Resource: Malcom X’s knife quote and how it relates to the Intersectionality Spectrum

I have been thinking of ways to incorporate a simple explanation of Intersectionality and how to use it to improve the outcomes of those from multiple marginalised groups. I didn’t realise until today that Malcolm X’s knife quote had a perfect example that I could expand on.

“You don’t stick a knife in a man’s back nine inches and then pull it out six inches and say you’re making progress … No matter how much respect, no matter how much recognition, whites show towards me, as far as I am concerned, as long as it is not shown to everyone of our people in this country, it doesn’t exist for me.”

― Malcolm X

Quote taken from Goodreads.

The way I would expand on this is that some people may have a knife stuck in their back, some might have four. And even if the knife is removed, there is still a wound, the associated pain, and the impact of not being able to do things.  That wound needs to be healed, that impact of loss of income or movement needs reparations.

This is why we need to provide opportunities to people from marginalised communities to make up for the ones that have been lost in the past, and the opportunities that will be lost in the future.
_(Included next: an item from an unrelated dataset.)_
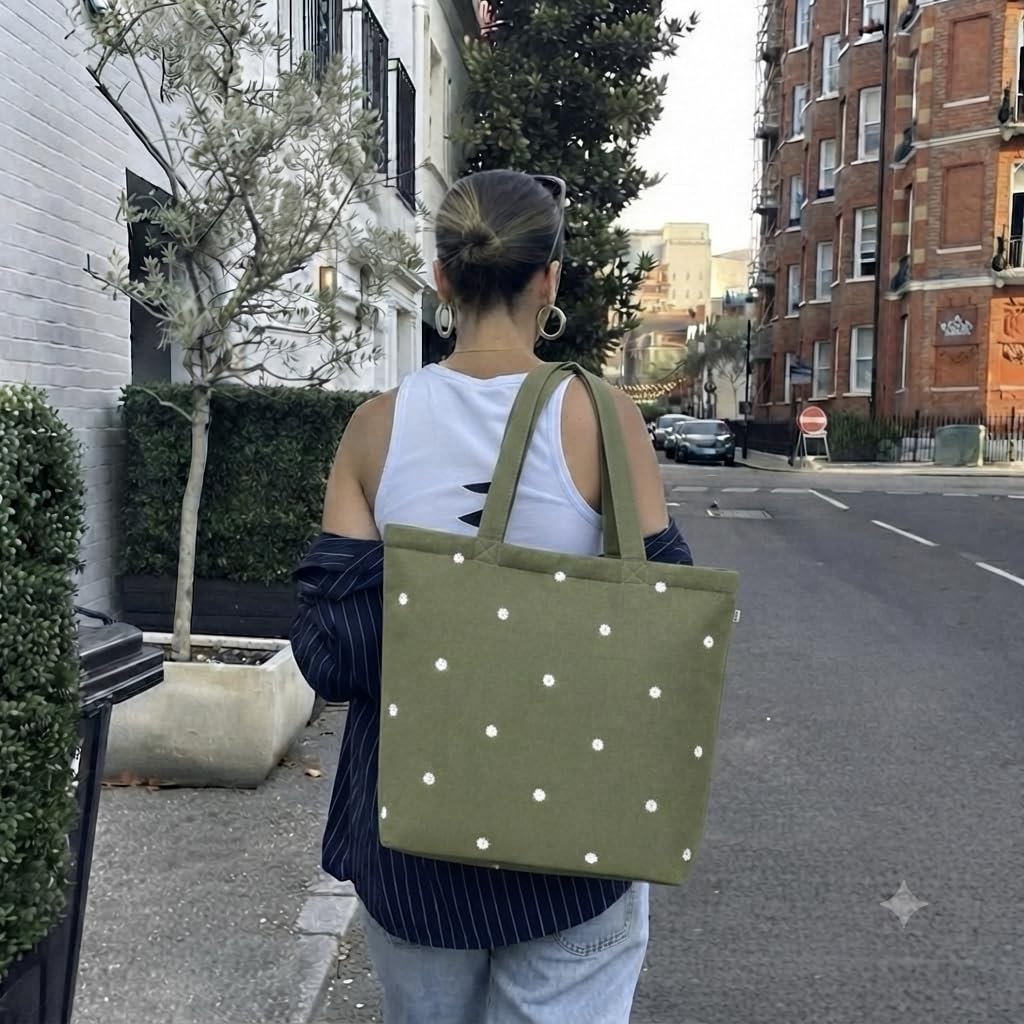 MASQ Premium ToteBag for Women with Zipper | Embroidered Foldable Shoulder Bag with Multiple Pockets | Spacious Handbag for College & Office | Eco-Friendly & Reusable (AP_TB_Olive_Daisy_01)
We need to triage those that need the most help and look after them first and foremost. In the Intersectionality Spectrum below, I use the term “Degree of Difficulty”, but you can change that to “Number of knives in your back”.
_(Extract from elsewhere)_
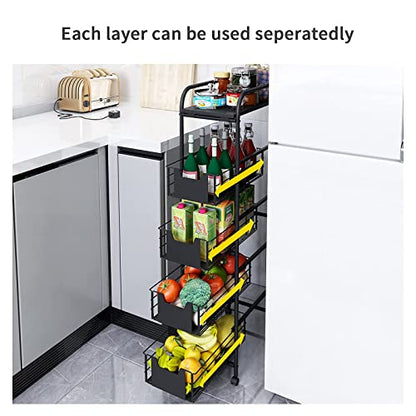 WHIFEA 5 Tier Slim Rolling Cart with Pull-Out Drawers, Multi-Layer Narrow Storage Shelf Organizer on Wheels, Metal Wire Baskets for Fruit, Dishes, Freestanding Unit for Kitchen, Bathroom, Home Office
You can see below that if you are a disabled, First Nations female you have the equivalent of 27 knives in your back. Shouldn’t we help that person more than the man of colour who has only the equivalent of 2 knives in his back? Shouldn’t we help that person first and with more help than the other?

View of graph where the degree of difficulty is the y axis. This increases as the graph goes to the right.

In many Diversity, Equity and Inclusion strategies they do not take this into account. They tack it on, but actually, this is one of the the fundamental precepts for a fairer society, and should be front and centre of any DEI strategy.

This is why I think it is so powerful. We need to stop thinking about neutralising biases, but turning biases into anti-bias so we can create equity while we wait for justice.